The cluster runs 0.19.0 (my original email was with 0.12.3 but since
then we upgraded, but same issues). The issue happens when we drop a
datasource that weights ~500GB (using the recommended procedure,
namely flagging it as disabled and then dropping from deep storage).

A roll restart of the Brokers usually fixes the problem.

Any suggestion about how to improve the situation would be very appreciated!

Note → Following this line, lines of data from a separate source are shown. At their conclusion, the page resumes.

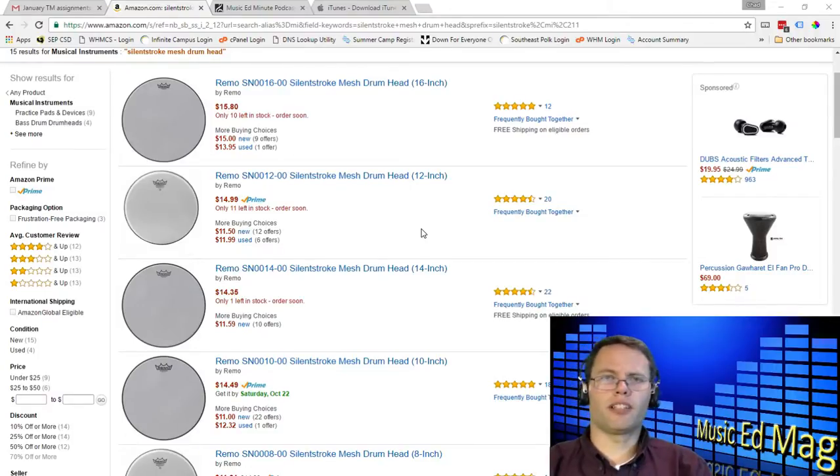He takes private lessons, and last week when I was dropping him off at the music store for his lesson, he kind of pulled me into the practice room there and said, 'Here, try this.' And I started beating on these drum heads and was just amazed — it was like totally silent, but it felt like a real drum head. Turns out that this stuff has been around for quite a while, but I'd never heard of it.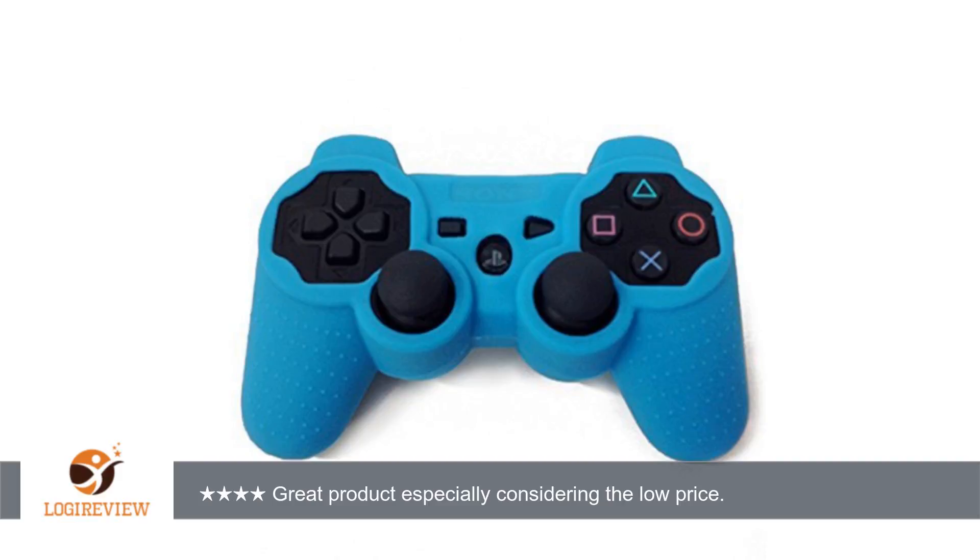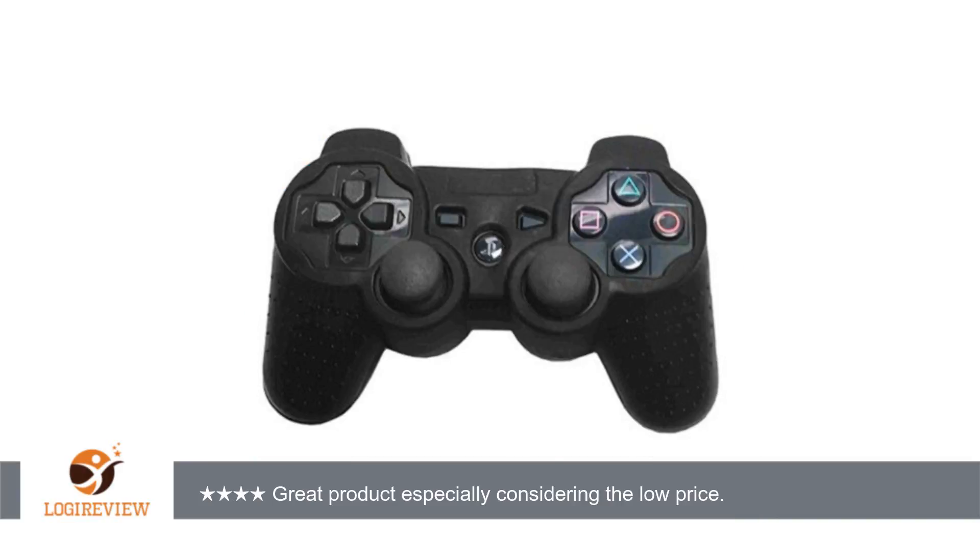The one thing keeping me from giving 5 stars is the fact that the skin is a bit loose around the start and select buttons, but that doesn't interfere with playability of the controller. Great value and I will reorder if my kids destroy these. Thank you for watching. Please give the thumbs up.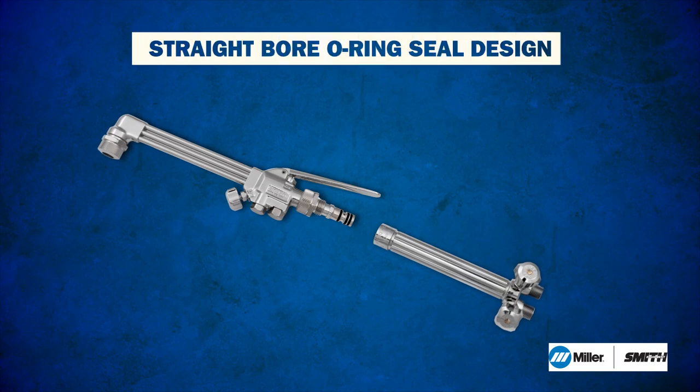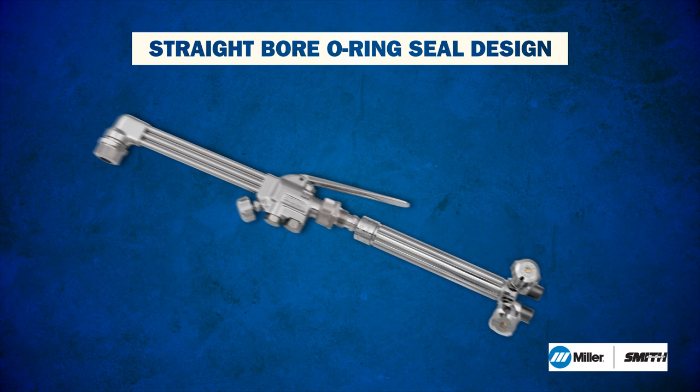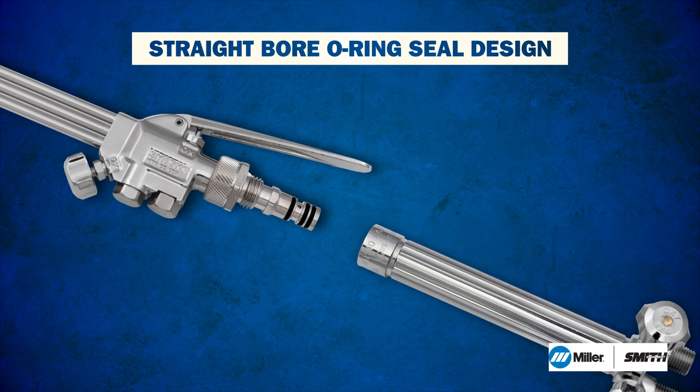The unique straight-bore design compresses the O-rings as the cutting attachment is inserted into the handle, creating a reliable gas-tight seal. That means the attachment nut only needs to be snug and not rely on pressure from the nut to create the seal.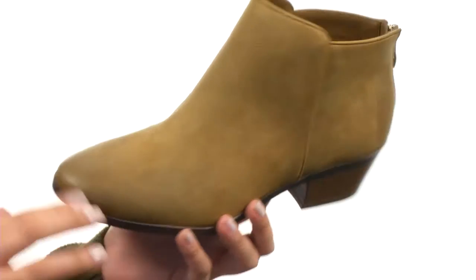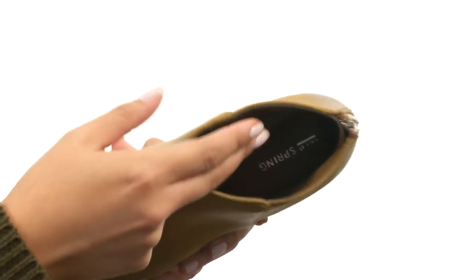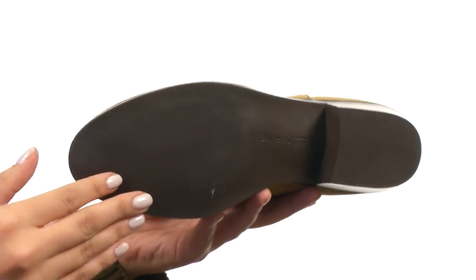Here we have this gorgeous leather-like upper with a distressed toe, not to mention a wonderful back zip for easy on-off wear. We do have a man-made lining with a padded footbed, followed by this gorgeous stacked heel giving you the perfect amount of height, along with a man-made outsole too.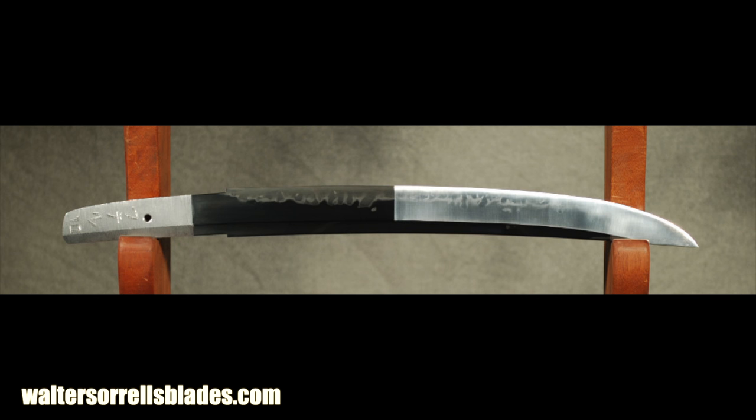He was interested in having me make a modern spin on a traditional Japanese knife known as an Osiraku Tanto. Now an Osiraku Tanto has a very long, thin tip. This is going to be a more modern spin on that — something that could be used for carry, self-defense, put it in your bug-out bag, whatever.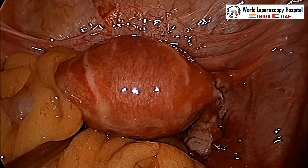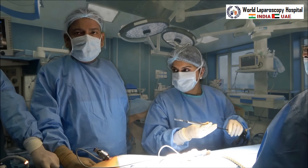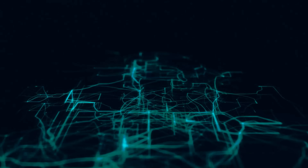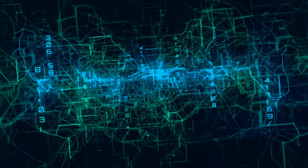No drain is used here because there was no active bleeding and a thorough lavage was performed, so a drain is not required. This is now the end of the procedure. Thank you very much for watching this video — this was a simple case of ruptured ectopic pregnancy. Thank you, have a nice day, God bless you.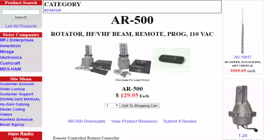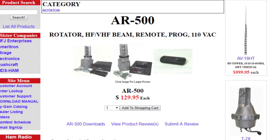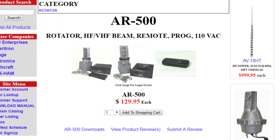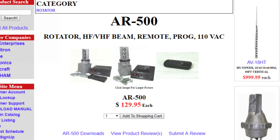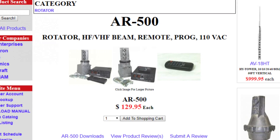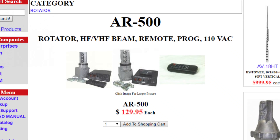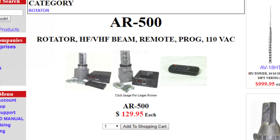It is possible to build electronically steerable antennas if you have the money and space, but most hams use rotators to turn their antennas. When MFJ sent me the MFJ1846 hex beam, they also sent me the High-Gain AR500 rotator. The AR500 is the smallest rotator they have. Rotators can get humongous and expensive for bigger beam antennas, but the AR500 clocks in at a reasonable $130 US.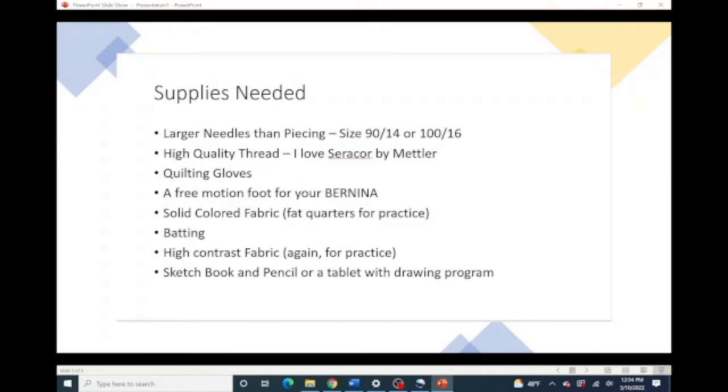I recommend high quality thread. My personal favorite is CeraCore by Mettler. This is a little bit of a controversial choice because it is 100% polyester. However, it has low lint. It does not break very often, if at all. It is kind of a matte — it's not shiny, so it doesn't distract from my fabric or my piecing. I really love the bare wood color number 114 for almost all of my quilts. It's this kind of yellowy color. It's a little yucky on the spool, honestly, but it is such a great neutral and it blends so well with the colors I usually pick.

s/Marshall/Peter//, apologies :slight_smile:

Luca

This is a couple of shots in the dark, but first, how many cores on the historicals? One of Peter’s links suggests numThreads should be less than that. Do you have >120 cores? Second, even more of a shot in the dark, I wonder whether adjusting maxSegmentsToMove might help. If you haven’t set it, it would be 5 - maybe increasing it would help somehow…

Hi Ben,

Thanks a lot for following up!

So what I see in the docs is that the processing threads should be a
little less than the cores (and we have 10 processing threads with 40
cores, so possibly we can increase that value!) but http_threads
shouldn't follow that rule:
"""
For Historicals, druid.server.http.numThreads should be set to a value
slightly higher than the sum of druid.broker.http.numConnections
across all the Brokers in the cluster.
"""
Am I missing something?

About segments to move - it is a good point, I will try to review the
setting! One thing that it is not clear to me is if the historical
slowdown is due to the coordinator forcing a re-shuffle of segments to
balance the cluster after the drop, causing some general slowdown in
the process and connections piling up at the broker level. Is it
possible?
I am asking this since when I drop a datasource of ~500GB, that is not
requested by any broker (and I am sure about it, verified) then the
coordinator forces also a segment reshuffle/redistribution of the
active datasources, that the brokers do query. As far as I know the
re-shuffle should be done in a way to avoid causing errors on the
Historical responses, but I may miss something.

Luca

What I have said is incorrect, we don't set
druid.processing.numThreads for Historicals, so it should default to
the numbers of cores -1 in theory :slight_smile:

Luca

Hi again,

for everybody interested, we found a solution to this problem, that
was.. caching! The cluster that I presented in the email thread was
set with segment cache enabled only on Brokers, and not on
Historicals. Moreover the cache was the "local" one, that has been
long time ago replaced by Caffeine, but we kept old defaults due to
our puppet configuration (without realizing it). We moved to the
following config:

- Segment cache disabled on brokers, query cache enabled
- Segment cache enabled on historicals

And the issue went away. More info for everybody interested:

Hope that helps anybody seeing this issue on their end!

Luca

Oh interesting! And thanks for updating Luca…

Wow, wouldn’t have guessed that one - good find, and thanks for letting us know!